I received some friends the other day. They expressed their desire to see some good movie. I readily agreed. I, therefore, went to the cinema hall in the locality and purchased five tickets for the evening show. The picture running at the cinema was Raj Kapoor’s ‘Boot-Polish’—a very old picture with a social theme. It was still attracting big crowds.
After taking our tea with light refreshment1 we set out. The cinema-hall presented a nice look. It was fitted with the most modern appliances. The picture-gallery at the entrance showed the pictures of the film to be released next.
My friend from Ajmer cast a look all around. The illumination, the decoration of the hall, the stalls around—and everything there attracted him. In the meantime the matinee-show was over. The people trooped out. It was a vast crowd indeed. In ten minutes, the hall was empty.

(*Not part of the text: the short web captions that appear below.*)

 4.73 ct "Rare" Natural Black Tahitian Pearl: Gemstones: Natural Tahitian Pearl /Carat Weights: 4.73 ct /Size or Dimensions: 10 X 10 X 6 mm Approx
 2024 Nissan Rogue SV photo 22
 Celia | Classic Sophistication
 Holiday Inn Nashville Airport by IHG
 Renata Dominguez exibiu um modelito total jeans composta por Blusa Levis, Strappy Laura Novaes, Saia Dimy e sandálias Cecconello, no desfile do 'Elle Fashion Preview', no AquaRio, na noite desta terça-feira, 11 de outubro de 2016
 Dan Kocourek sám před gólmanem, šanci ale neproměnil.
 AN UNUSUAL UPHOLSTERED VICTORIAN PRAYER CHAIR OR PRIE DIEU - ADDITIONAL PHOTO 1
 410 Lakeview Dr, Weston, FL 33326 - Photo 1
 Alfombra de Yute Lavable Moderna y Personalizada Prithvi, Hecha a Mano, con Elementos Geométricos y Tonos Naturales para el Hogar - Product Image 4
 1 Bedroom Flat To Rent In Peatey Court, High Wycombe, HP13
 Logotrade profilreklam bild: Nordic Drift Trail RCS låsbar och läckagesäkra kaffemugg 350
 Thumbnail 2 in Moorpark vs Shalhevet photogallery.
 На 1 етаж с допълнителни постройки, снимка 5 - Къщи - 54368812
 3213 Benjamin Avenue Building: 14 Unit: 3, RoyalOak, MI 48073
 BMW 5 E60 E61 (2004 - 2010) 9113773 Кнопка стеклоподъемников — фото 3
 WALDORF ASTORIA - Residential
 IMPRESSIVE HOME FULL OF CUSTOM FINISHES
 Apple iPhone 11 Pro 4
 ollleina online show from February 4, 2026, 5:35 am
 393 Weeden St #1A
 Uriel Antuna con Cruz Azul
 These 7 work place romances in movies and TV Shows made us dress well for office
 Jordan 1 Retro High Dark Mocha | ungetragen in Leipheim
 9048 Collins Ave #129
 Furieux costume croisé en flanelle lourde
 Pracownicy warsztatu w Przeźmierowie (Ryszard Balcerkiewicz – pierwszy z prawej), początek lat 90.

Now rang the bell. We went in. Soon the hall was full. At 6-15 P.M., the lights were all switched off and advertisements appeared on the screen. This was followed by a news-reel and a documentary, on the methods of keeping safe from malaria.
The main picture “began at 6.30 P.M. It was soul stirring. Some of the scenes were tragic. The wanderings of the poor orphans in rain and thunder, the way they made their living by polishing shoes, their hatred for begging, the imprisonment of the brother and the helplessness of the sister-all this brought tears into our eyes. It set us thinking. We thought how cruel the people of the world are.
The picture was not without scenes of light entertainment. They helped in toning down the tragic atmosphere. The picture was very interesting. It kept us spell bound. The scenes, setting and photography were of a high order. The picture was on the whole a good entertainer. The picture was over at 9 P.M. We all came out and went to our houses.